Although I have to say that apparently Van Lunt can hold his own. Geez.
Well when Wanda shows up, Clint finally figures out that Vision was just protecting her. And then the dam collapses.
Vision dives into the swirling waters to look for Red Wolf, Lobo or Van Lunt but only comes up with Red Wolf’s purple wolf hood.
Vision gives the hood to Chief Talltrees who laments that Red Wolf saved their land and avenged Tommy Talltrees at the expense of his life.
And then William Talltrees (secretly Red Wolf, true believers!) shows up going ‘oh hey did someone mention my dad’ while the Avengers stand around awkwardly.
How did William find the time to get out of the water, find a suitcase, change his clothes, hide Lobo, and dry off?
And the next time box promises “The SECRET of Cornelius Van Lunt!” Well I hope so.

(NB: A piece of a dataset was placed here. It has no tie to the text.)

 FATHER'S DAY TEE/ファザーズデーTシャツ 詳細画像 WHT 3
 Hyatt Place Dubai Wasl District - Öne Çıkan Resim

We didn’t get to find out what big, important thing he was after or his secret spaceship providing friends. But I have my suspicions. (Because I’ve already read this run a while back.)
So that was the Red Wolf two-parter. For multiple reasons, I’m sad that he doesn’t end up joining the Avengers. I guess he is needed more at home but that never stopped Black Panther. And also, Black Panther is already drifting apart from the team. Get Red Wolf to fill in. He could bring Lobo and we could have pet Avengers hi-jinxes.